My parents were born during the Depression and I was brought up frugally. I remember my Mom washing and reusing aluminum foil (which I've also been known to do!) among many other thrifty habits. Our family has always recycled paper, plastic, glass and aluminum and I have the habit of cutting the ends off tubes and plastic bottles to use that last bit of toothpaste or glue or shampoo.
Here are some ideas of recycling and reusing for our craft rooms.

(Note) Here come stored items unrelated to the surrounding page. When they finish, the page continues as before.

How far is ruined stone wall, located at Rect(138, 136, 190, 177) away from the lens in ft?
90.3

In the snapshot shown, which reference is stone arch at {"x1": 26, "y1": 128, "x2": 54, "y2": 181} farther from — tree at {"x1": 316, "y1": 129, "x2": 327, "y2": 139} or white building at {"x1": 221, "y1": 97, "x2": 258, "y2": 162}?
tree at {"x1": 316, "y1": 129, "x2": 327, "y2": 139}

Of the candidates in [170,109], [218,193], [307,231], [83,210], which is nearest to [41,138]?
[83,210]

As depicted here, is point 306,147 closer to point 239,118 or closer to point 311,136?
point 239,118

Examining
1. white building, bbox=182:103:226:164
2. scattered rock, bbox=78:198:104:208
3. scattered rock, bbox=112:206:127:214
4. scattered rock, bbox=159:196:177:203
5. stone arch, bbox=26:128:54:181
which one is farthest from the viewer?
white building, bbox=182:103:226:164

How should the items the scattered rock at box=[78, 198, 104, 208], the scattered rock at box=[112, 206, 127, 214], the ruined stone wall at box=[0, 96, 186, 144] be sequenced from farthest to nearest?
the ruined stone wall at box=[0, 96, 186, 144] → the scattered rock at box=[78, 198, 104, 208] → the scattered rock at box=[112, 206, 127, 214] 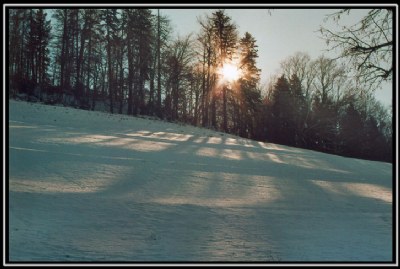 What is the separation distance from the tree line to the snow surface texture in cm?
2695

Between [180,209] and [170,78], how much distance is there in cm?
4016

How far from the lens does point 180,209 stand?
7.19m

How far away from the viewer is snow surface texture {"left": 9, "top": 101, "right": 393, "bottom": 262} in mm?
5320

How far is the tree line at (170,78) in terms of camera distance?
39781 millimetres

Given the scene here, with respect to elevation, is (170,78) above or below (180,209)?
above

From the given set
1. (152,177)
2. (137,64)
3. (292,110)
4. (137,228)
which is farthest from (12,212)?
(292,110)

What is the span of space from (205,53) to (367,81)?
112 ft

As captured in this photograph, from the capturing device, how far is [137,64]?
4056cm

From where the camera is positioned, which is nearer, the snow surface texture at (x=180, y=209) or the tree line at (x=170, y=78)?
the snow surface texture at (x=180, y=209)

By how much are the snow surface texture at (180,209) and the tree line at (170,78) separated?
2695 centimetres

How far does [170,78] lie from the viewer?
46406mm

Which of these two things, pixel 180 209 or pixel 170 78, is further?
pixel 170 78

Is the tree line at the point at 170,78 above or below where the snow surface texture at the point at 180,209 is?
above

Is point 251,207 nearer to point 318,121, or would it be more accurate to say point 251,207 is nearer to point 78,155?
point 78,155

- Paper - Since I am more of a cardmaker than a scrapper, I tend to use more 8 1/2 x 11 paper. Once I have cut into a piece, I will try to get a card base (5 1/2 x 8 1/2) out of the remainder, and/or a card front or ATC base or 4x4". Then the rest will go in the scrap file and I always go to this file first when I need paper before cutting into a "virgin" sheet.

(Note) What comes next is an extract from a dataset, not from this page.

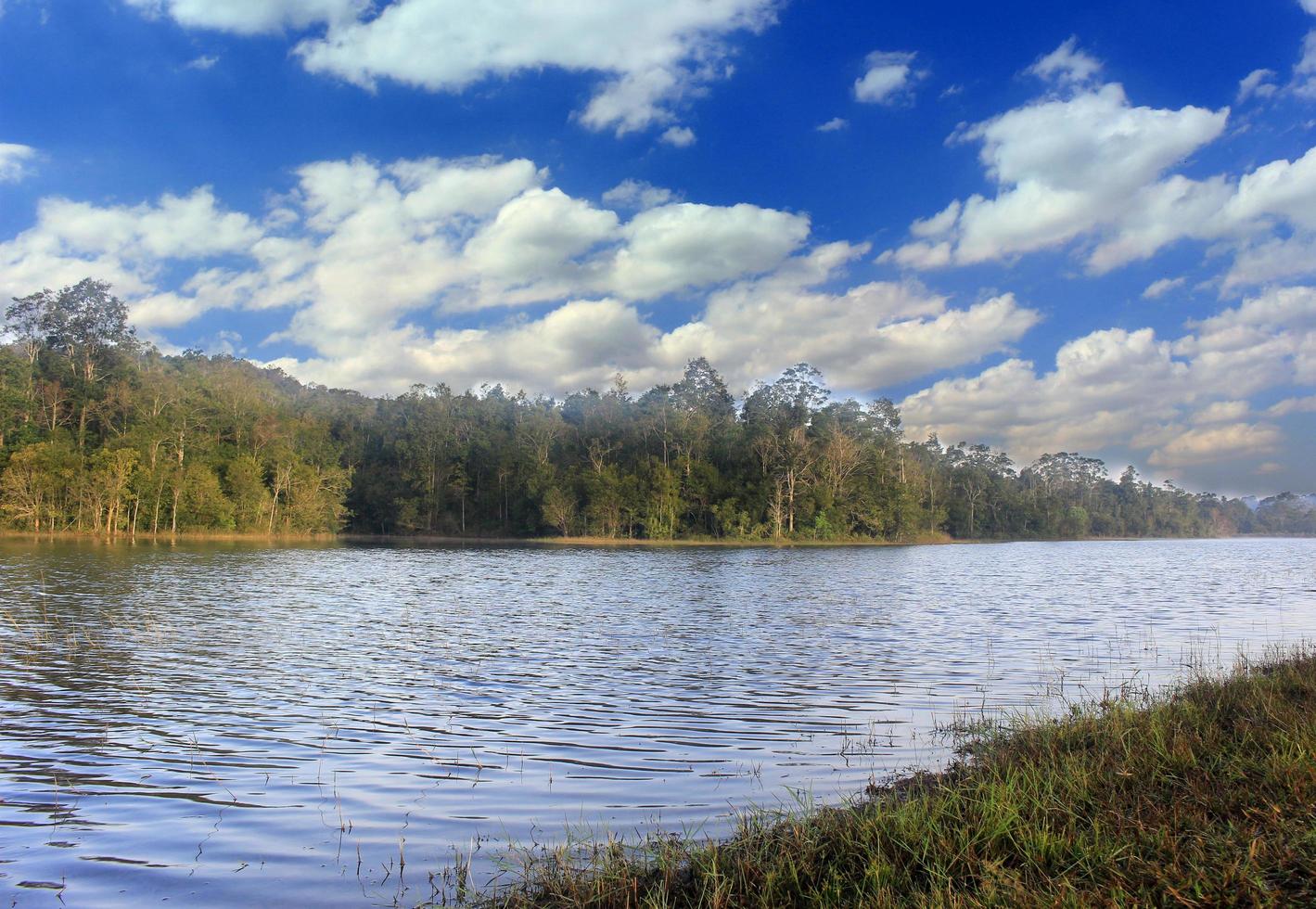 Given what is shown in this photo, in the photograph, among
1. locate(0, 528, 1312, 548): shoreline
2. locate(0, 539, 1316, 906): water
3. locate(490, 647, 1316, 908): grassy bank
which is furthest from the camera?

- Packaging - Blister packs can be reused as treat boxes or shaker fronts and the hard plastic makes a great paint palette. Empty ribbon spools can be remade into minibooks or treat boxes (both of which I've posted here previously). The plastic boxes that small punches come in sometimes can be reused as blocks for unmounted stamps or for storage for small items. Empty CD cases are great for unmounted stamp storage. Empty travel-size baby wipe containers (Huggies brand) are the perfect size for storing twelve Twinkling H2Os pots.

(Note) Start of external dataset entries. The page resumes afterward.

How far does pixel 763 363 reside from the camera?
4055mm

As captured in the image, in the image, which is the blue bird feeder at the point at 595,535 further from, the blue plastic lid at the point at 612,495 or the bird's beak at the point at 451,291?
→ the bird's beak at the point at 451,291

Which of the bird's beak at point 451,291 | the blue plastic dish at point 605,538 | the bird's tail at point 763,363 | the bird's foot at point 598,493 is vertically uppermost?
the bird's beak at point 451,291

- Soda can "pop top tabs" make great buckles for ribbon and can even be embossed any color. I also cut the top and bottom off aluminum cans, cut through the back seam and have a nice size piece of metal for punching, embossing or stamping metal embellishments.
- When foam brushes (the cheap ones with the wooden handle) fall apart, I save the handle for spreading glue or stirring paints.
- Old CDs or credit cards make great disposable paint palettes. Credit cards can be used to apply paints or glue as well. They can also be altered into mini-ATCs or tags.
- Sample paint "chips" can be stamped and added to cards or scrapbook layouts or made into bookmarks.
- Formica samples make cute little tags or luggage tags or several tied together to make a little book.
- Old magazines and phone books make great "glue books." Place your item to be glued on a clean page, apply glue, then turn the page - you will always have clean surface for the next glue project.
- Old books - use the covers for collage bases; save the text pages to add to backgrounds or to use as scrap paper (see #8 above). Paint stripes on a page and cut into scalloped borders.
- Scraps of rubber leftover from cutting apart unmounted stamp sheets can be used as dimensional pop dots. Also, the leftover portion of a sheet of circular pop dots can be cut up and used as well.
- Cough syrup cups can be reused as little paint pots or water pots when painting - a perfect size when just needing a small amount.
- Used dryer sheets are great for swiping your paper before heat embossing. Work just as well as an "embossing buddy" for eliminating stray embossing powder specks. They can also be painted or inked for backgrounds.
- Slice old wine corks and stamp for inexpensive alphabets or embellishments for collages, cards or layouts. Carve the corks to use as small stamps.
- Use the bottom of a Velveeta box or a Pringles chip can to store 6 Rollagraph stamp wheels (the smaller size).
- Save the tiny Silica gel packs that come in most new shoes boxes and add to your embossing powder jars, especially metallic EPs. It will help retard tarnishing and clumping.
That's it for now, just off the top-of-my-head. If you have any tips of your own, please let me know. I hope everyone will consider reusing and recycling to keep even a small amount out of our landfills. Many little baby steps can make a huge impact!
2 comments:
Thanks for the tips Susan!
Great tips for just "off the top of your head", Susan! Especially liked #4 and #12! I also cut up left over card stock into 2 1/2" x 3 1/2" size for ATC's. Saves time when I do a bunch of ATC's, which is monthly!